==== RECORDS

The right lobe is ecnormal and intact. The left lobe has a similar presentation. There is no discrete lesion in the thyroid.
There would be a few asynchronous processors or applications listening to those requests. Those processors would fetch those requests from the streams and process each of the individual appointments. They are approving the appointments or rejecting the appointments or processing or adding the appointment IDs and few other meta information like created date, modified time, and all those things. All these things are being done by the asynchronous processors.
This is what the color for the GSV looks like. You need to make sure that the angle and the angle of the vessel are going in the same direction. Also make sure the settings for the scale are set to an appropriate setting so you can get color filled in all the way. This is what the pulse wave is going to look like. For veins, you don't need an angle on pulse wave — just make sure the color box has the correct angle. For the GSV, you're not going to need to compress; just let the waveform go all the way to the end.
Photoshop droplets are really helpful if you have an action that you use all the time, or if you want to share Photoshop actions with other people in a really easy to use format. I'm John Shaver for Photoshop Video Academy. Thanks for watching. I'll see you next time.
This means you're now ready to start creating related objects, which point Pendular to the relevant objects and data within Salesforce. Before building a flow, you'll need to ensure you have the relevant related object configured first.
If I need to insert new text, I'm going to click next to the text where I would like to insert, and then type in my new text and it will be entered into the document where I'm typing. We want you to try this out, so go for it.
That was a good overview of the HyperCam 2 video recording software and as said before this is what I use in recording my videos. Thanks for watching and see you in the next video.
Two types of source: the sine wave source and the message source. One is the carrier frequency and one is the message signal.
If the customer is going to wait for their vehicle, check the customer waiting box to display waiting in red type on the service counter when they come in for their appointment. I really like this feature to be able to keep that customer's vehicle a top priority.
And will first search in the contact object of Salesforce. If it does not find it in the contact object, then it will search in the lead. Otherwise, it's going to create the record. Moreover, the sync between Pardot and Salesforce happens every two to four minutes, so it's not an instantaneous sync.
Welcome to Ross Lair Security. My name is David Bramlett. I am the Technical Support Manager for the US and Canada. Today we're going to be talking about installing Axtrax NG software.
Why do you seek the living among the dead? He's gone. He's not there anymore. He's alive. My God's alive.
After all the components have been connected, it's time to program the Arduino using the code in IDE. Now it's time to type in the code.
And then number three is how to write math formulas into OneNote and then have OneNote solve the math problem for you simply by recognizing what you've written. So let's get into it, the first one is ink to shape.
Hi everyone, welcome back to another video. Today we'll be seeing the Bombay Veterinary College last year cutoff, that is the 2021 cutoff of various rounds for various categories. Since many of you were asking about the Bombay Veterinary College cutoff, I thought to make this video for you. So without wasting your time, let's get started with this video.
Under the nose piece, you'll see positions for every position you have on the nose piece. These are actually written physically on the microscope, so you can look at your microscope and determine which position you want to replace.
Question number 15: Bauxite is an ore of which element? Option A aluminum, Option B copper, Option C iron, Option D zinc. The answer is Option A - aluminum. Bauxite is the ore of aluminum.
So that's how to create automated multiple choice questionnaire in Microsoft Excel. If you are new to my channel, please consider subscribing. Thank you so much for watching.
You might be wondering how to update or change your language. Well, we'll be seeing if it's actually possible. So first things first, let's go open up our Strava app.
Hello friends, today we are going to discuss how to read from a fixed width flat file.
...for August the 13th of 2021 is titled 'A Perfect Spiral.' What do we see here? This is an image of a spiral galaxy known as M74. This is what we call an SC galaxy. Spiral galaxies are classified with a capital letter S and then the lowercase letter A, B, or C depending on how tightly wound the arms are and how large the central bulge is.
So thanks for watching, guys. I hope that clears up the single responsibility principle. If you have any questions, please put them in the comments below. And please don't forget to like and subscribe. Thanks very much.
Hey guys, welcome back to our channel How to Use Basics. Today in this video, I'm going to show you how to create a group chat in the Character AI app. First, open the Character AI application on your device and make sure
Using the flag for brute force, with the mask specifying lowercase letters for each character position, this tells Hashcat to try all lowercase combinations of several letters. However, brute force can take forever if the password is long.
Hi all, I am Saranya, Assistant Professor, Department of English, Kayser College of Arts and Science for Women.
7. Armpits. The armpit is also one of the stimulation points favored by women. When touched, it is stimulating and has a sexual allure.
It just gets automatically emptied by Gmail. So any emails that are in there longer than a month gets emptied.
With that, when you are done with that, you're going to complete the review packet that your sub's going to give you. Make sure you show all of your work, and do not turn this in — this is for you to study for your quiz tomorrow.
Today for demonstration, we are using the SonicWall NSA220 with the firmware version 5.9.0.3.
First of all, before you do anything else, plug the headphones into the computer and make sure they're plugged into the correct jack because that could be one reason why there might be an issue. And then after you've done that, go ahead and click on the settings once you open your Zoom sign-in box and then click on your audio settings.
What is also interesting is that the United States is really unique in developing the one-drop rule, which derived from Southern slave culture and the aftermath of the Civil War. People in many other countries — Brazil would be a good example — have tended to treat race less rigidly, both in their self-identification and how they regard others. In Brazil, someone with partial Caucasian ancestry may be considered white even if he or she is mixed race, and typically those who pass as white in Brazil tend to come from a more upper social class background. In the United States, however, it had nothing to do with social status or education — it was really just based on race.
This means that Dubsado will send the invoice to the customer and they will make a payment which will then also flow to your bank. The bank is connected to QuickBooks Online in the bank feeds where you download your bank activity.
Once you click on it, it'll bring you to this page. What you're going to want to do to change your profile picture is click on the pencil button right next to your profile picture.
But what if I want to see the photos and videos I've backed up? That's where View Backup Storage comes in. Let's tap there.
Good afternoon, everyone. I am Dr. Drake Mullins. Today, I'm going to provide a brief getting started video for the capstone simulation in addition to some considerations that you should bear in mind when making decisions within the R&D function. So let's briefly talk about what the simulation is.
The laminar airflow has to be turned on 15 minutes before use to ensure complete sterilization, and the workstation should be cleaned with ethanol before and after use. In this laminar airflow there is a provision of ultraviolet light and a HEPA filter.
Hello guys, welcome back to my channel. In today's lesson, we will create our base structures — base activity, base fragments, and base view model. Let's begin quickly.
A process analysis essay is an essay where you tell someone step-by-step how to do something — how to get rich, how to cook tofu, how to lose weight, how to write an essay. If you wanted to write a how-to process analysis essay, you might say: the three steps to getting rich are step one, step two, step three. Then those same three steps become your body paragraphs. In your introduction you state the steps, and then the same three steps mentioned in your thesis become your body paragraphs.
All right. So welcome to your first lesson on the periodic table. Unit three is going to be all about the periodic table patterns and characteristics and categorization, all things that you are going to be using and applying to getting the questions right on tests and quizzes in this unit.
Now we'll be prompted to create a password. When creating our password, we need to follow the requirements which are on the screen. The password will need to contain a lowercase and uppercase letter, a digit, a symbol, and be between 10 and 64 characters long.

========

TASK BRIEF: Repeat the whole listing exactly, keeping every line intact.

SOLUTION BELOW:
The right lobe is ecnormal and intact. The left lobe has a similar presentation. There is no discrete lesion in the thyroid.
There would be a few asynchronous processors or applications listening to those requests. Those processors would fetch those requests from the streams and process each of the individual appointments. They are approving the appointments or rejecting the appointments or processing or adding the appointment IDs and few other meta information like created date, modified time, and all those things. All these things are being done by the asynchronous processors.
This is what the color for the GSV looks like. You need to make sure that the angle and the angle of the vessel are going in the same direction. Also make sure the settings for the scale are set to an appropriate setting so you can get color filled in all the way. This is what the pulse wave is going to look like. For veins, you don't need an angle on pulse wave — just make sure the color box has the correct angle. For the GSV, you're not going to need to compress; just let the waveform go all the way to the end.
Photoshop droplets are really helpful if you have an action that you use all the time, or if you want to share Photoshop actions with other people in a really easy to use format. I'm John Shaver for Photoshop Video Academy. Thanks for watching. I'll see you next time.
This means you're now ready to start creating related objects, which point Pendular to the relevant objects and data within Salesforce. Before building a flow, you'll need to ensure you have the relevant related object configured first.
If I need to insert new text, I'm going to click next to the text where I would like to insert, and then type in my new text and it will be entered into the document where I'm typing. We want you to try this out, so go for it.
That was a good overview of the HyperCam 2 video recording software and as said before this is what I use in recording my videos. Thanks for watching and see you in the next video.
Two types of source: the sine wave source and the message source. One is the carrier frequency and one is the message signal.
If the customer is going to wait for their vehicle, check the customer waiting box to display waiting in red type on the service counter when they come in for their appointment. I really like this feature to be able to keep that customer's vehicle a top priority.
And will first search in the contact object of Salesforce. If it does not find it in the contact object, then it will search in the lead. Otherwise, it's going to create the record. Moreover, the sync between Pardot and Salesforce happens every two to four minutes, so it's not an instantaneous sync.
Welcome to Ross Lair Security. My name is David Bramlett. I am the Technical Support Manager for the US and Canada. Today we're going to be talking about installing Axtrax NG software.
Why do you seek the living among the dead? He's gone. He's not there anymore. He's alive. My God's alive.
After all the components have been connected, it's time to program the Arduino using the code in IDE. Now it's time to type in the code.
And then number three is how to write math formulas into OneNote and then have OneNote solve the math problem for you simply by recognizing what you've written. So let's get into it, the first one is ink to shape.
Hi everyone, welcome back to another video. Today we'll be seeing the Bombay Veterinary College last year cutoff, that is the 2021 cutoff of various rounds for various categories. Since many of you were asking about the Bombay Veterinary College cutoff, I thought to make this video for you. So without wasting your time, let's get started with this video.
Under the nose piece, you'll see positions for every position you have on the nose piece. These are actually written physically on the microscope, so you can look at your microscope and determine which position you want to replace.
Question number 15: Bauxite is an ore of which element? Option A aluminum, Option B copper, Option C iron, Option D zinc. The answer is Option A - aluminum. Bauxite is the ore of aluminum.
So that's how to create automated multiple choice questionnaire in Microsoft Excel. If you are new to my channel, please consider subscribing. Thank you so much for watching.
You might be wondering how to update or change your language. Well, we'll be seeing if it's actually possible. So first things first, let's go open up our Strava app.
Hello friends, today we are going to discuss how to read from a fixed width flat file.
...for August the 13th of 2021 is titled 'A Perfect Spiral.' What do we see here? This is an image of a spiral galaxy known as M74. This is what we call an SC galaxy. Spiral galaxies are classified with a capital letter S and then the lowercase letter A, B, or C depending on how tightly wound the arms are and how large the central bulge is.
So thanks for watching, guys. I hope that clears up the single responsibility principle. If you have any questions, please put them in the comments below. And please don't forget to like and subscribe. Thanks very much.
Hey guys, welcome back to our channel How to Use Basics. Today in this video, I'm going to show you how to create a group chat in the Character AI app. First, open the Character AI application on your device and make sure
Using the flag for brute force, with the mask specifying lowercase letters for each character position, this tells Hashcat to try all lowercase combinations of several letters. However, brute force can take forever if the password is long.
Hi all, I am Saranya, Assistant Professor, Department of English, Kayser College of Arts and Science for Women.
7. Armpits. The armpit is also one of the stimulation points favored by women. When touched, it is stimulating and has a sexual allure.
It just gets automatically emptied by Gmail. So any emails that are in there longer than a month gets emptied.
With that, when you are done with that, you're going to complete the review packet that your sub's going to give you. Make sure you show all of your work, and do not turn this in — this is for you to study for your quiz tomorrow.
Today for demonstration, we are using the SonicWall NSA220 with the firmware version 5.9.0.3.
First of all, before you do anything else, plug the headphones into the computer and make sure they're plugged into the correct jack because that could be one reason why there might be an issue. And then after you've done that, go ahead and click on the settings once you open your Zoom sign-in box and then click on your audio settings.
What is also interesting is that the United States is really unique in developing the one-drop rule, which derived from Southern slave culture and the aftermath of the Civil War. People in many other countries — Brazil would be a good example — have tended to treat race less rigidly, both in their self-identification and how they regard others. In Brazil, someone with partial Caucasian ancestry may be considered white even if he or she is mixed race, and typically those who pass as white in Brazil tend to come from a more upper social class background. In the United States, however, it had nothing to do with social status or education — it was really just based on race.
This means that Dubsado will send the invoice to the customer and they will make a payment which will then also flow to your bank. The bank is connected to QuickBooks Online in the bank feeds where you download your bank activity.
Once you click on it, it'll bring you to this page. What you're going to want to do to change your profile picture is click on the pencil button right next to your profile picture.
But what if I want to see the photos and videos I've backed up? That's where View Backup Storage comes in. Let's tap there.
Good afternoon, everyone. I am Dr. Drake Mullins. Today, I'm going to provide a brief getting started video for the capstone simulation in addition to some considerations that you should bear in mind when making decisions within the R&D function. So let's briefly talk about what the simulation is.
The laminar airflow has to be turned on 15 minutes before use to ensure complete sterilization, and the workstation should be cleaned with ethanol before and after use. In this laminar airflow there is a provision of ultraviolet light and a HEPA filter.
Hello guys, welcome back to my channel. In today's lesson, we will create our base structures — base activity, base fragments, and base view model. Let's begin quickly.
A process analysis essay is an essay where you tell someone step-by-step how to do something — how to get rich, how to cook tofu, how to lose weight, how to write an essay. If you wanted to write a how-to process analysis essay, you might say: the three steps to getting rich are step one, step two, step three. Then those same three steps become your body paragraphs. In your introduction you state the steps, and then the same three steps mentioned in your thesis become your body paragraphs.
All right. So welcome to your first lesson on the periodic table. Unit three is going to be all about the periodic table patterns and characteristics and categorization, all things that you are going to be using and applying to getting the questions right on tests and quizzes in this unit.
Now we'll be prompted to create a password. When creating our password, we need to follow the requirements which are on the screen. The password will need to contain a lowercase and uppercase letter, a digit, a symbol, and be between 10 and 64 characters long.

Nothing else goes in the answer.